YOUR TASK: Copy out the entries that follow exactly, leaving out the pictures.

Data records
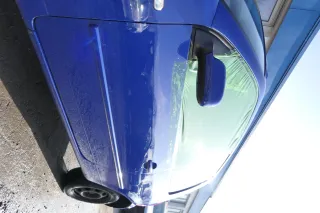 VW Lupo Seat Arosa Tür vorne links Fahrertür blau LW5Z (mechanischer FH) - Bild 4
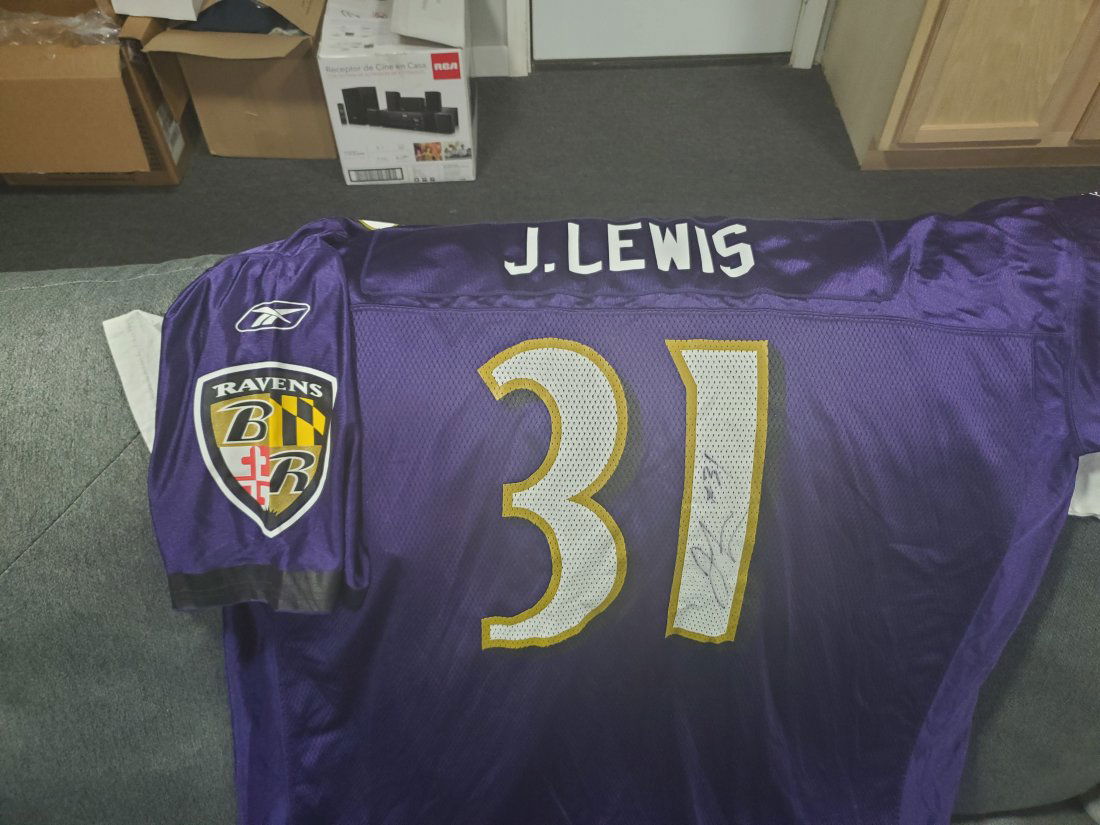 Jamal Lewis Autographed Jersey (1 of 1)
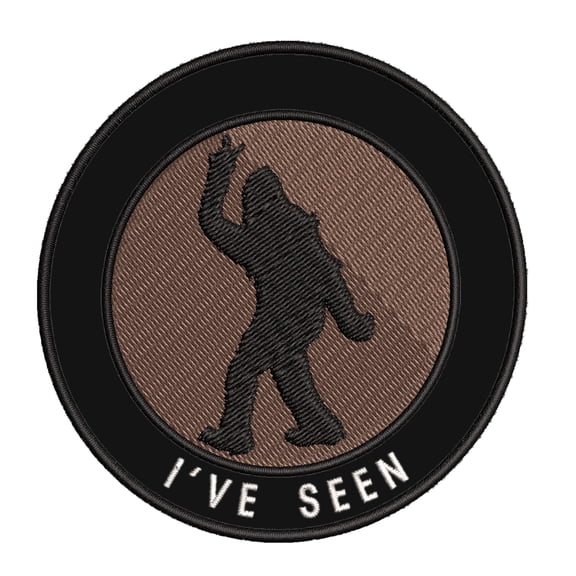 Bigfoot I've Seen 3.5" Iron On Or Sew On Embroidered Fabric Badge Patch Unexplained Mysteries Iconic Series
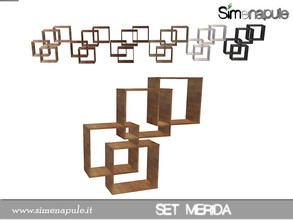 Sims 4 — Set Merida Square - Shelf 2 by Simenapule — Set Merida Square - Shelf 2 7 Colors.
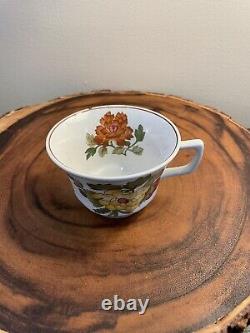 Vintage Georgetown Collection Wedgewood Lunch Set Kimono Pattern Cottage Floral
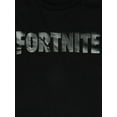 thumbnail image 4 of Fortnite Boys Black Logo Long Sleeve Graphic T-Shirt, Sizes 8-18, 4 of 4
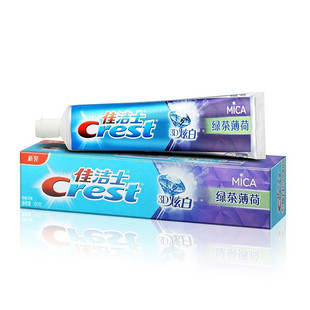 佳洁士牙膏3D炫白柠檬茶爽/绿茶薄荷/晨露荷香劲爽清新180克120g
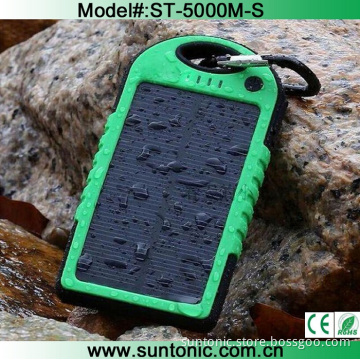 Waterproof Solar Power Bank Charger 5000mAh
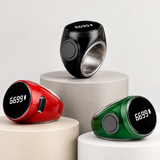 New smart ring, touch ring counter, rechargeable luminous OLED display ring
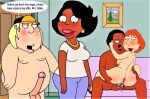 age_difference anus ass cheating_husband cheating_wife chris_griffin cleveland_brown cowgirl_position cum_inside donna_tubbs erection family_guy huge_penis lois_griffin lxx milf shaved_pussy sideboob the_cleveland_show thighs vaginal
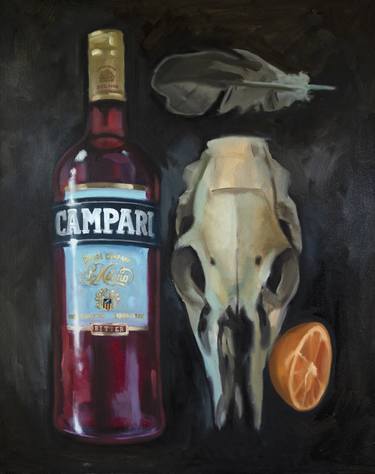 Original Figurative Still Life Paintings by Joe Bednarski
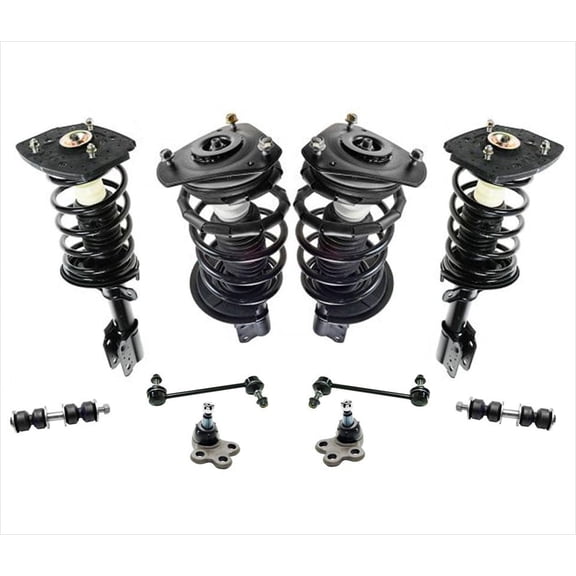 10Pc Ft Rr Complete Coil Spring Struts Fits For 00-07 Chevy Monte Carlo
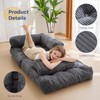 MAXYOYO MAXYOYO Folding Sofa Bed, L-Shaped Convertible Sofa Bed with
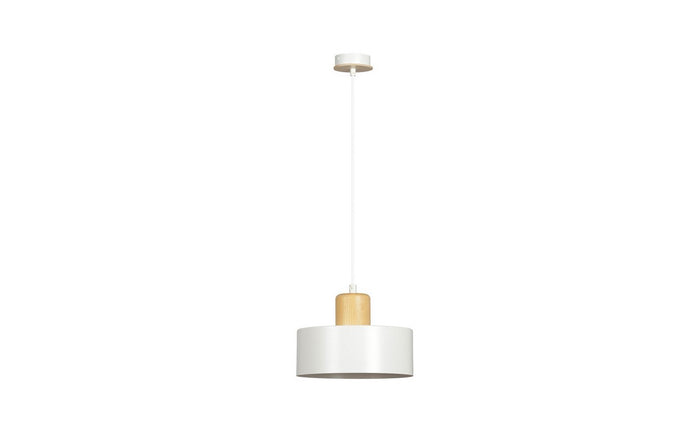 Lampada a Sospensione Torin, Bianco, Acciaio, 25x100x25 cm, EPIKASA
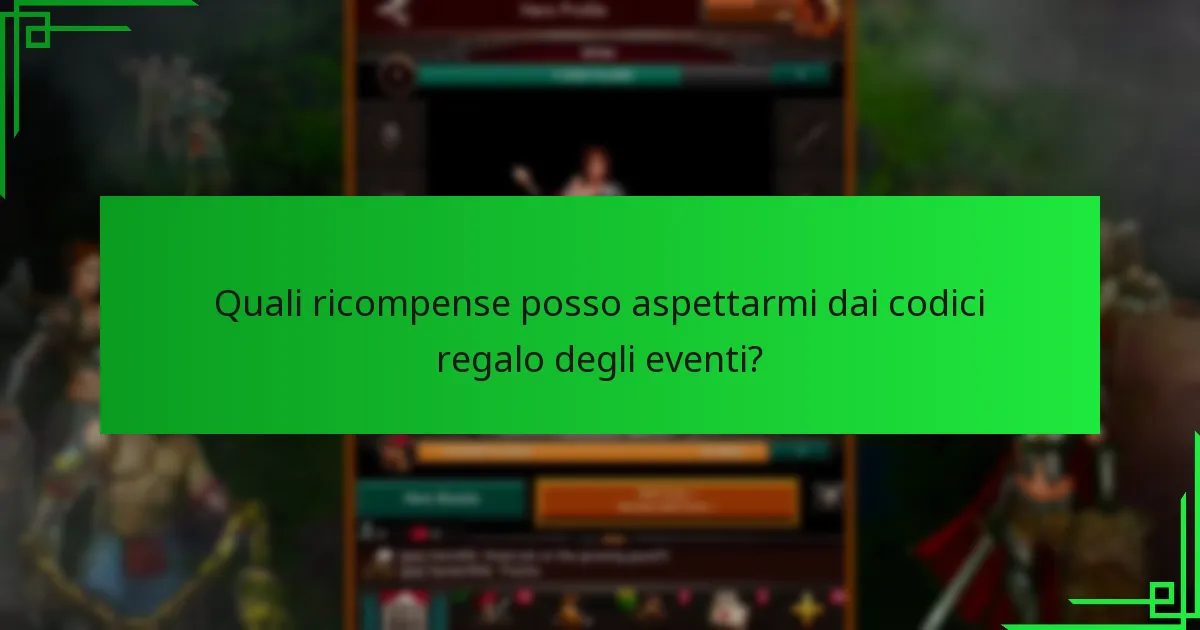 Quali eventi futuri forniscono codici regalo in Game of War: Fire Age?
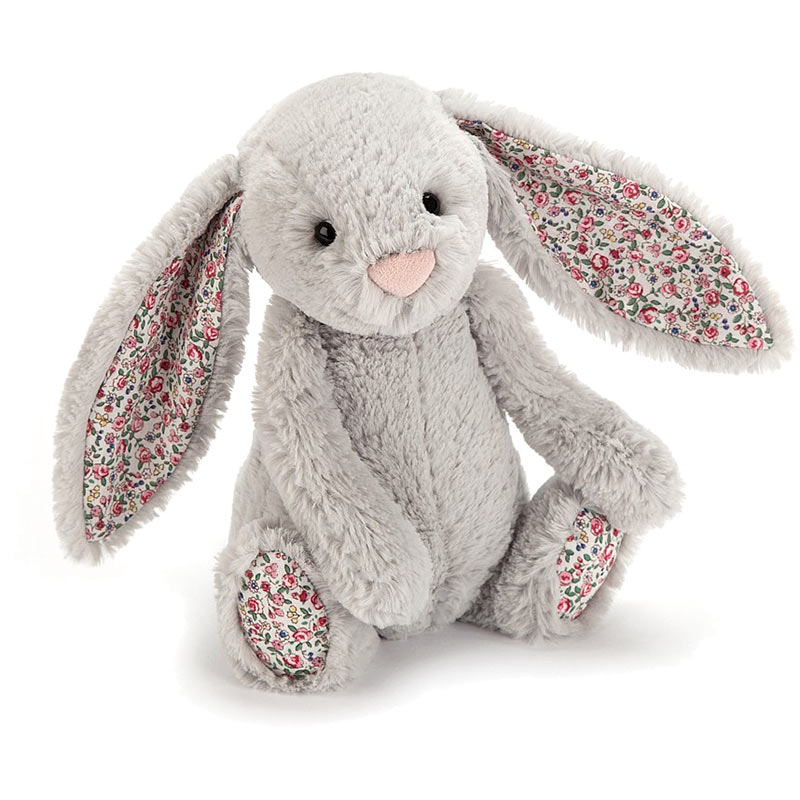 Jellycat Blossom Silver Bunny | plushpaws.co.uk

REPLY TO THE EXERCISE:
 VW Lupo Seat Arosa Tür vorne links Fahrertür blau LW5Z (mechanischer FH) - Bild 4
 Jamal Lewis Autographed Jersey (1 of 1)
 Bigfoot I've Seen 3.5" Iron On Or Sew On Embroidered Fabric Badge Patch Unexplained Mysteries Iconic Series
 Sims 4 — Set Merida Square - Shelf 2 by Simenapule — Set Merida Square - Shelf 2 7 Colors.
 Vintage Georgetown Collection Wedgewood Lunch Set Kimono Pattern Cottage Floral
 thumbnail image 4 of Fortnite Boys Black Logo Long Sleeve Graphic T-Shirt, Sizes 8-18, 4 of 4
 佳洁士牙膏3D炫白柠檬茶爽/绿茶薄荷/晨露荷香劲爽清新180克120g
 Waterproof Solar Power Bank Charger 5000mAh
 New smart ring, touch ring counter, rechargeable luminous OLED display ring
 age_difference anus ass cheating_husband cheating_wife chris_griffin cleveland_brown cowgirl_position cum_inside donna_tubbs erection family_guy huge_penis lois_griffin lxx milf shaved_pussy sideboob the_cleveland_show thighs vaginal
 Original Figurative Still Life Paintings by Joe Bednarski
 10Pc Ft Rr Complete Coil Spring Struts Fits For 00-07 Chevy Monte Carlo
 MAXYOYO MAXYOYO Folding Sofa Bed, L-Shaped Convertible Sofa Bed with
 Lampada a Sospensione Torin, Bianco, Acciaio, 25x100x25 cm, EPIKASA
 Quali eventi futuri forniscono codici regalo in Game of War: Fire Age?
 Jellycat Blossom Silver Bunny | plushpaws.co.uk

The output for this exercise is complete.